*** Opening of RECORDS TO USE ***

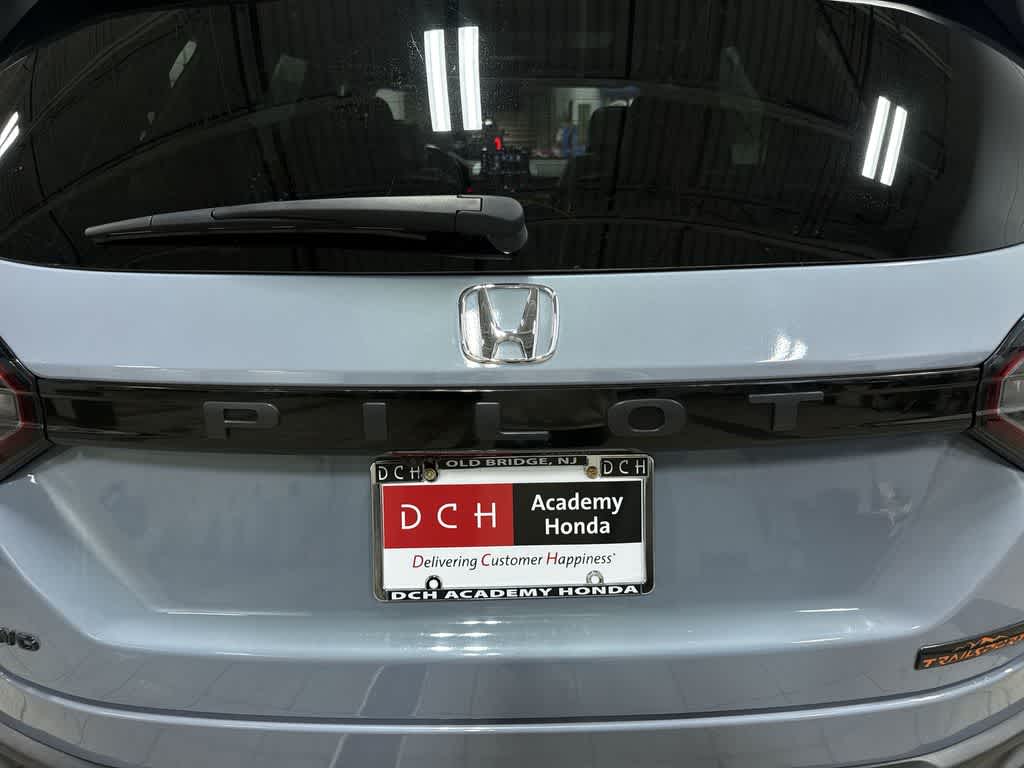 Thumbnail: 2024 Honda Pilot - 28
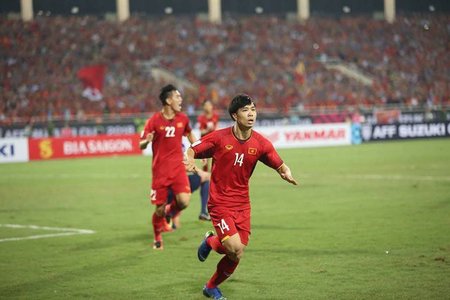 Lọt vào chung kết AFF Cup, báo chí quốc tế 'ngả mũ thán phục' Việt Nam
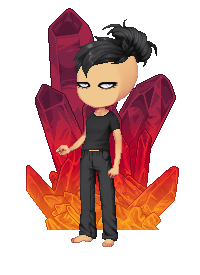Darien Himiko's Avatar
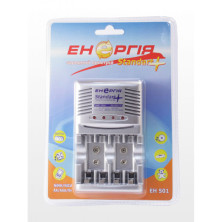 Зарядное устройство Энергия ЕН-501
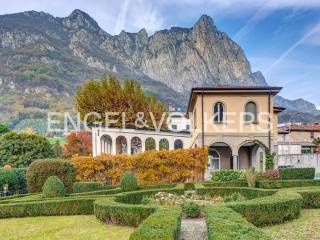 Villa in affitto a lecco via monte sabotino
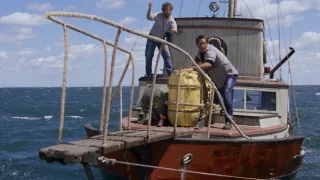 Jaws movie photo 3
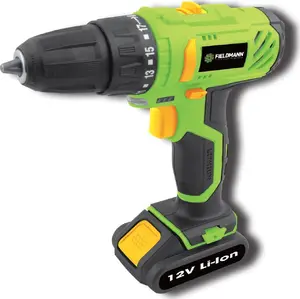 Electric drill Fieldmann FDV 10201-A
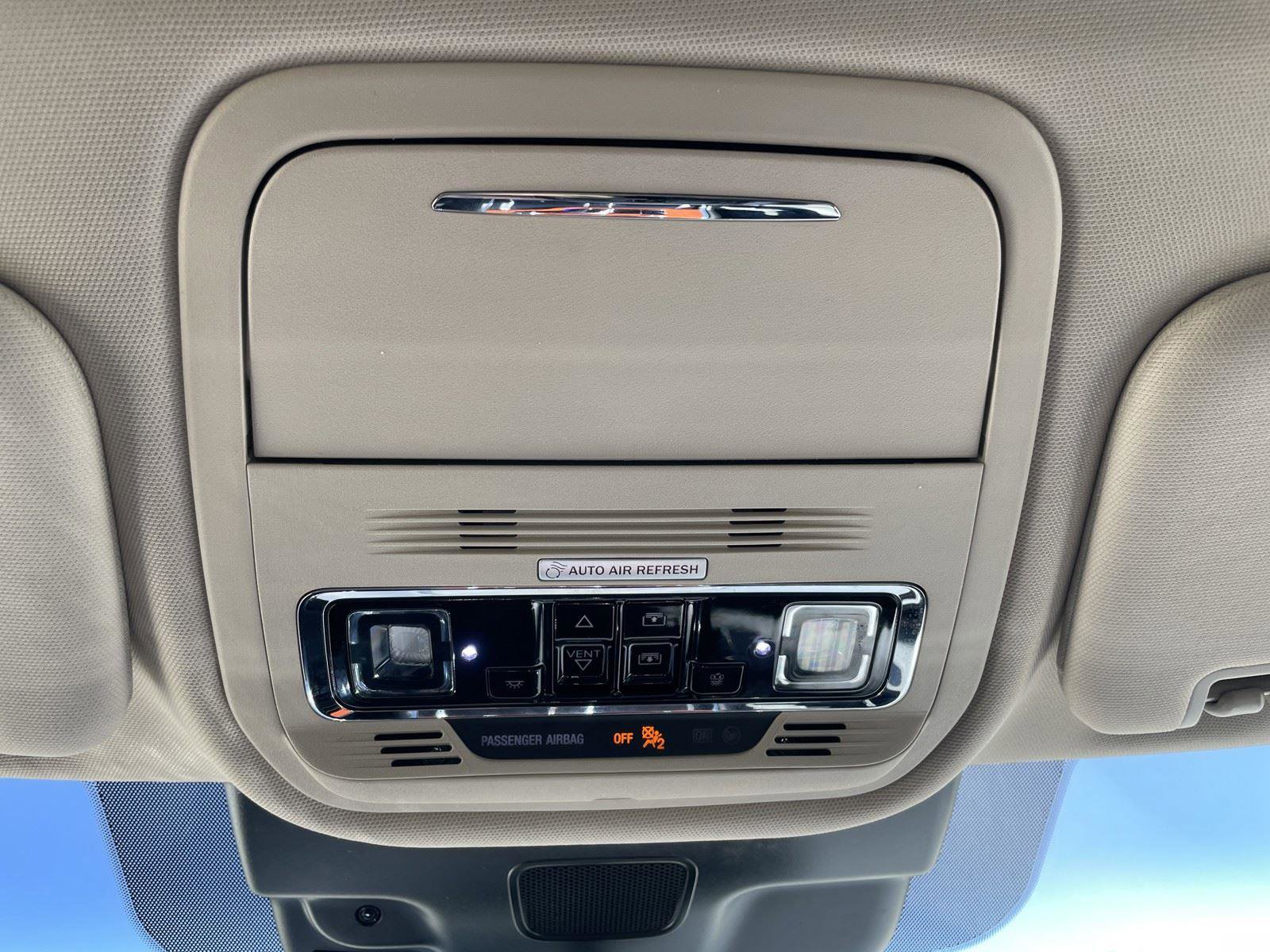 Used 2023 Lincoln Aviator Reserve w/ Equipment Group 201A image 30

*** Close of RECORDS TO USE ***

A verbatim copy of every entry above, with no pictures, is the expected output.

 Thumbnail: 2024 Honda Pilot - 28
 Lọt vào chung kết AFF Cup, báo chí quốc tế 'ngả mũ thán phục' Việt Nam
Darien Himiko's Avatar
 Зарядное устройство Энергия ЕН-501
 Villa in affitto a lecco via monte sabotino
 Jaws movie photo 3
 Electric drill Fieldmann FDV 10201-A
 Used 2023 Lincoln Aviator Reserve w/ Equipment Group 201A image 30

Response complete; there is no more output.